Student loan borrowers will have fewer repayment options under GOP megabill

The Senate narrowly exceeded its megabill of expenses on Tuesday evening. The Chamber aims to vote on the bill and send it to President Donald Trump by July 4, but it is not clear if the Republicans have the votes to adopt the bill in its current form.

Among the many provisions to reduce federal spending and increase tax revenue, the bill establishes major changes for federal borrowers for student loans.

Most of the changes in the borrowing of students, such as the lower limits to higher loans, will not have an impact on borrowers who are not educated and currently in reimbursement. But those who contract loans next summer and afterwards, as well as 8 million borrowers awaiting new savings measures on a precious reimbursement plan focused on education income, can expect less reimbursement options if the Chamber adopts the bill as is.

The modification of the reimbursement plans could be one of the most impactful provisions of the bill for federal borrowers of current and future federal student loan.

Two years to choose from two plans

The Senate bill has narrowed the number of reimbursement options currently available for federal student loan borrowers with two plans: a standard reimbursement plan and a new income focused on known income under the name of reimbursement assistance plan. Borrowers on one of the currently existing reimbursement plans, with the exception of the backup plan, will be able to keep their plans and their monthly payments.

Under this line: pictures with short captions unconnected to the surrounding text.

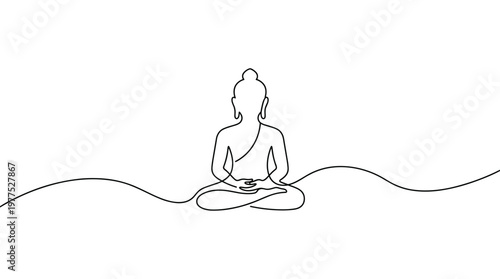 Minimalist line art of Buddha meditating in lotus pose on a wavy abstract background, symbolizing peace and enlightenment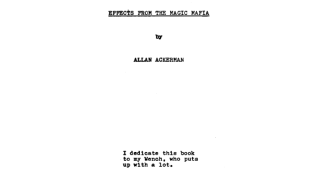 Effects From the Magic Mafia by Allan Ackerman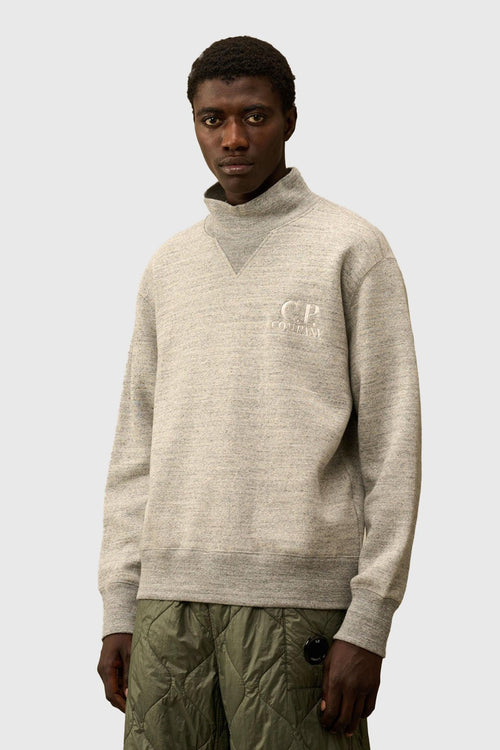 Felpa Japanese Mélange Fleece Logo Funnel Neck Grigio Melange Uomo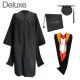 Deluxe Master Graduation Cap, Gown, Tassel, Hood and Diploma Cover Set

Borrowers whose loans are dispersed on July 1, 2026 at the latest and those who are currently registered in the safeguard plan – who are in an administrative tolerance since the federal courts prevented the plan from entering into force in July 2024 – will only have the two reimbursement plan options.

Borrowers on the safeguard plan should probably choose another plan anyway if the federal courts retain the temporary injunction against it. Under the legislation of the Republicans, these borrowers will have between July 2026 and July 2028 to choose a new plan. After July 1, 2028, borrowers will be automatically transferred to the income -based reimbursement plan.

The new standard plan will give borrowers a fixed monthly payment so that their loans are reimbursed between 10 and 25 years, depending on the size of their loans. The current standard plan has a 10 -year loan duration, regardless of the amount borrowed.

The reimbursement assistance plan will calculate monthly payments between 1% and 10% of the discretionary income of a borrower, down compared to current offers which fix payments to 10%, 15% or 20% of the income of a borrower.

An analysis revealed that the monthly payments of borrowers could increase hundreds of dollars on rap, compared to their payments on the backup plan.